Distributed Transaction in Microservices using SAGA Pattern

Everyone today is thinking about and building microservices – I included. Microservices, from its core principles and in its true context, is a distributed system.

In a microservice architecture, a distributed transaction is an outdated approach that causes severe scalability issues. Modern patterns that rely on asynchronous data replication or model distributed write operations as orchestrated or choreographed SAGAs avoid these problems. I will try to explain orchestrated saga in great detail in this article.

Distributed Transaction is one that spans multiple databases across the network while preserving ACID properties. If a transaction requires service A and B both write to their own database, and rollback if either A or B fails, then it is a distributed transaction.

Problem statement

To see why a distributed transaction is hard, let’s take a look at an extremely common real-life examples: e-Commerce application.

Our e-Commerce application contains different microservices. Each service has its own database. Some business transactions, however, span multiple service so you need a mechanism to ensure data consistency across services.

Let’s say, we have an order service, an inventory service and a payment service. The boundary is clear, order service takes the order, inventory service allocates the stock, while the payment service deals only with payment and refund related issues.

A single order transaction = creating an order + reserve stock + payment, in any order. Failure at any point during the transaction should revert everything before it.

Payment failure should cause the inventory service to release the reserved stocks, and the order service to cancel the order.

if our e-commerce application designed as per above then there are some serious flaws with this approach, which are:

  • The fallacy of the distributed system – Relies heavily on the stability of the network throughout the transaction.
  • Transactions could end up in an indeterminate state.
  • Fragile to topology changes – Each system has explicit knowledge of its dependency.

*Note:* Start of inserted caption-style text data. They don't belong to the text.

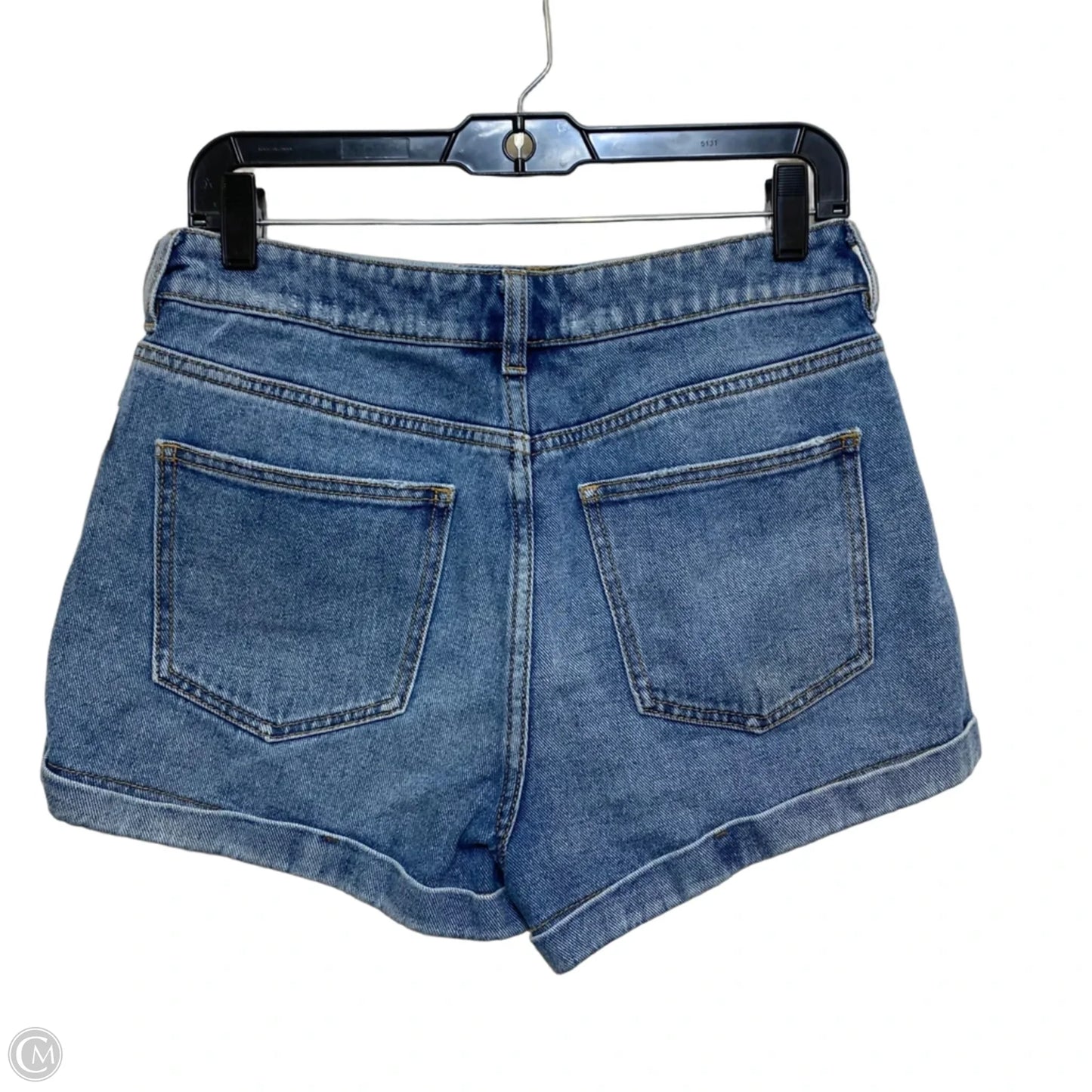 Shorts By Pacsun In Blue Denim, Size: 8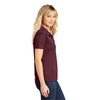 Sport-Tek LST650 Ladies Micropique Sport-Wick Polo - Maroon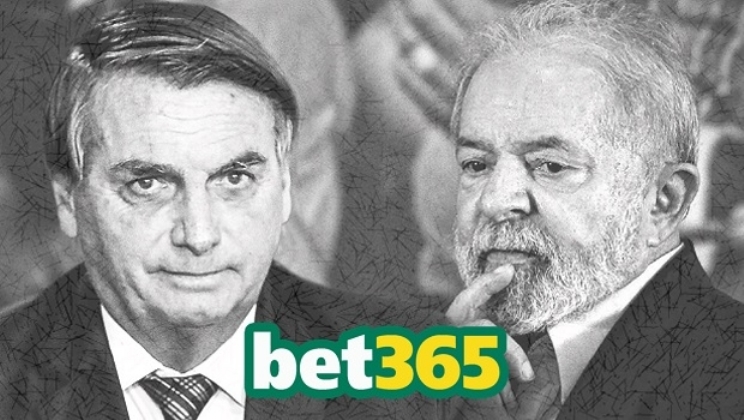Bet365 abre apostas para corrida presidencial de 2022 e aponta a Lula como favorito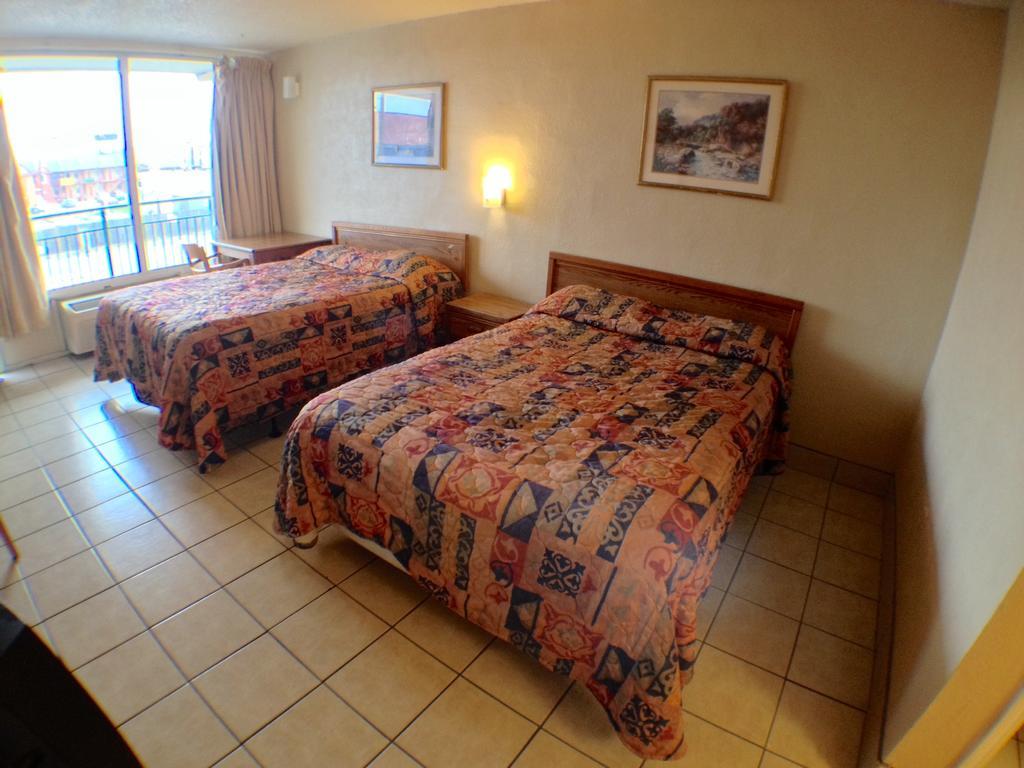 Budget Inn Motel Austin Szoba fotó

Imagine payment service calls some 3rd party API like PayPal or Stripe, the transaction is effectively out of your control. What happens if the API is down or throttled. Or a network disruption along the network path. Or one of the 3 services is down.

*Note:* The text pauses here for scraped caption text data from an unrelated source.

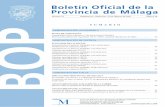 Boletín Oficial de la Provincia de Málaga: BOP 27 ...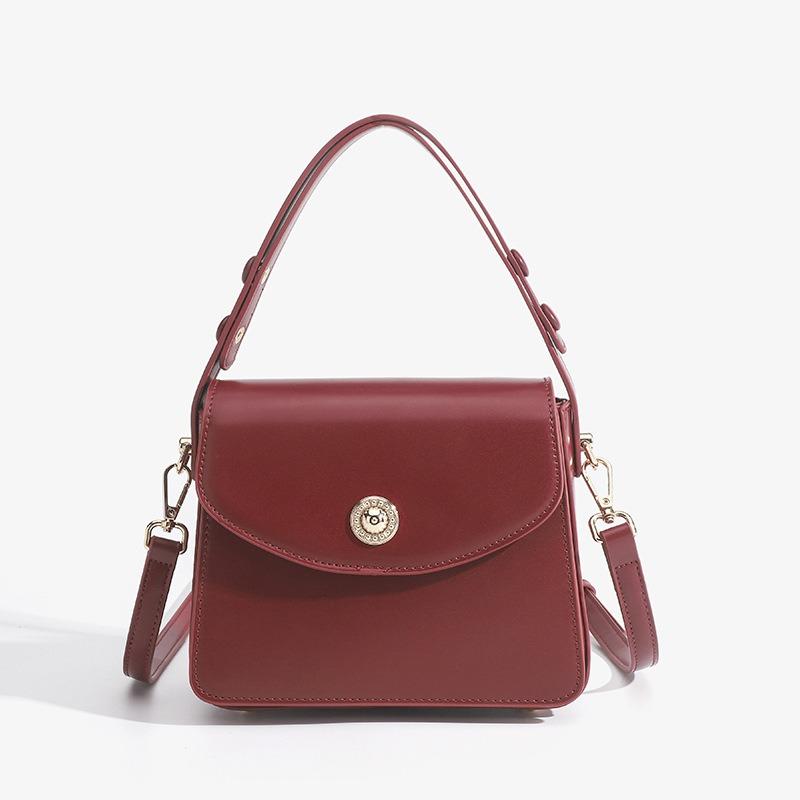 Bag Women Carry Small Square Bag Commuting Single Shoulder Crossbody Bag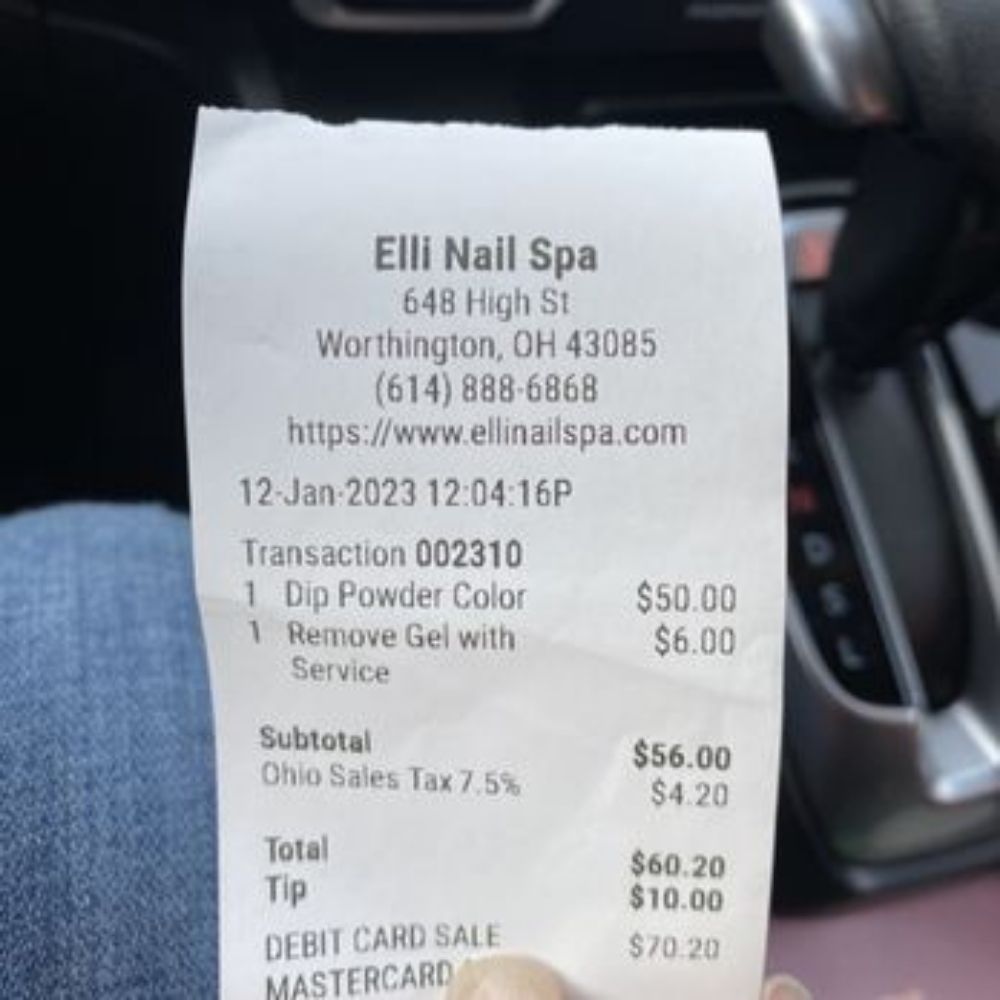 I was throwing away $1,400 a year on my nails.”
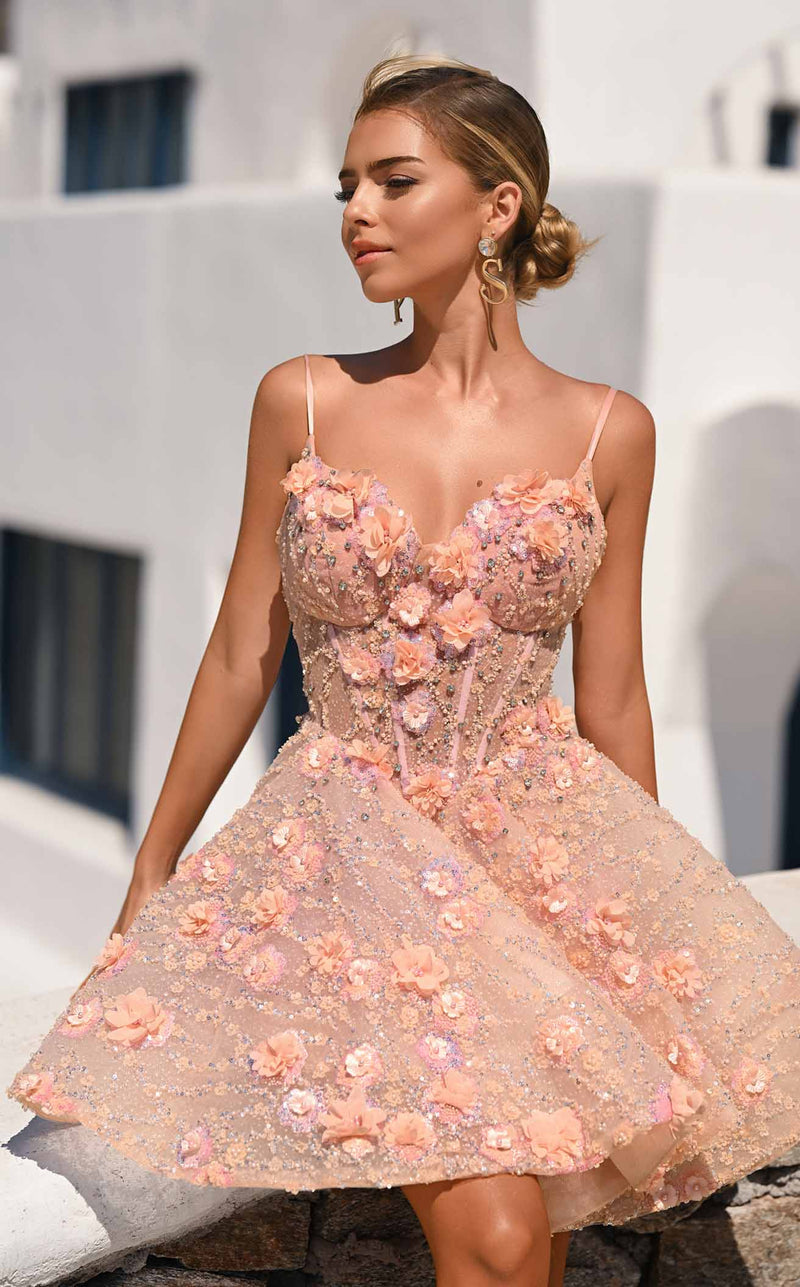 Portia and Scarlett PS25703 Dress | NewYorkDress.com Portia and Scarlett PS25703 Dress | NewYorkDress.com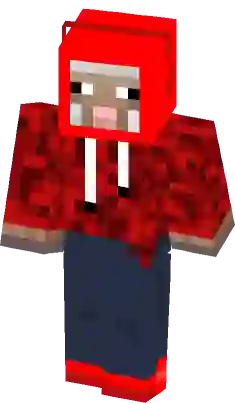 minecraft red sheep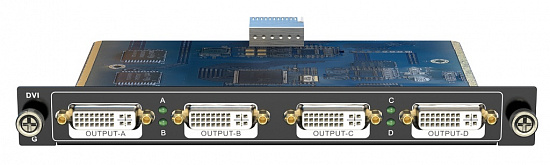 Плата бесподрывная выходная Digis VWP-O4-SFH-DVI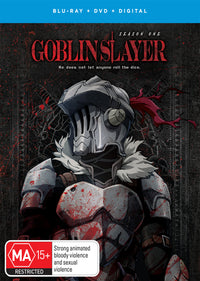 Goblin Slayer Season 1 Dvd / Blu-Ray Combo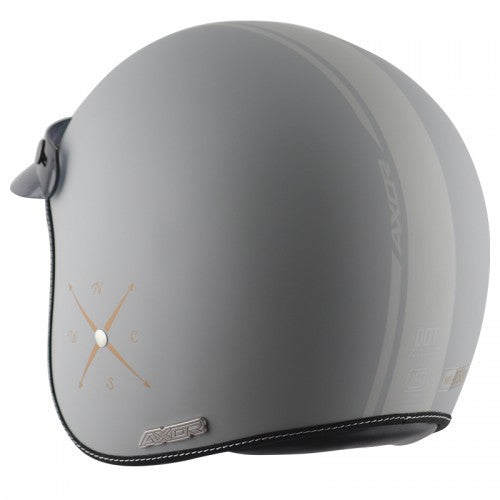 Axor Retro Jet Euro Globe Dull Cool Grey Helmet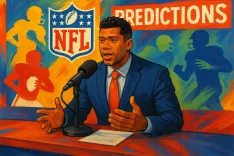 Russell Wilson Makes Bold NFL Predictions as CBS Analyst Debuts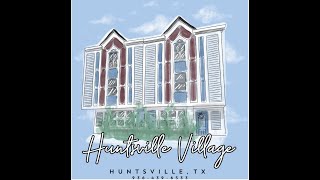 New Townhomes in Huntsville. SHSU student housing roomy roommate plans. Rent by the room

if the inventory service managed to reserve some stocks, but the payment service timed out for whatever reason, we cannot say that the payment has failed.

If we treat timeout as a failure, we would have rolled back the stock reservation and cancel the order, but the payment actually did go through, perhaps the external payment API is taking more time than usual or network disruption, so we cut off the connection before payment service has a chance to respond. Now the transaction is in Paid and Stock Released state simultaneously.

This is really painful, isn’t it? Your Production support team will be very busy handling such failed transaction tickets if your buyers face such issues frequently while placing an order. What if your buyer get fade up and orders from other competitors. Such small incidents can lead to HUGE financial loss.

As an Software Architect, you must think of such a problem and design your microservices & application in such a way that it does not leave data inconsistency during the transaction.

Solution

We can overcome this problem of data consistency between databases by using Saga Pattern. It models the globally distributed transaction as a series of local ACID transactions, with compensation as a rollback mechanism. The global transaction move between different defined states depending on the result of the local transaction execution.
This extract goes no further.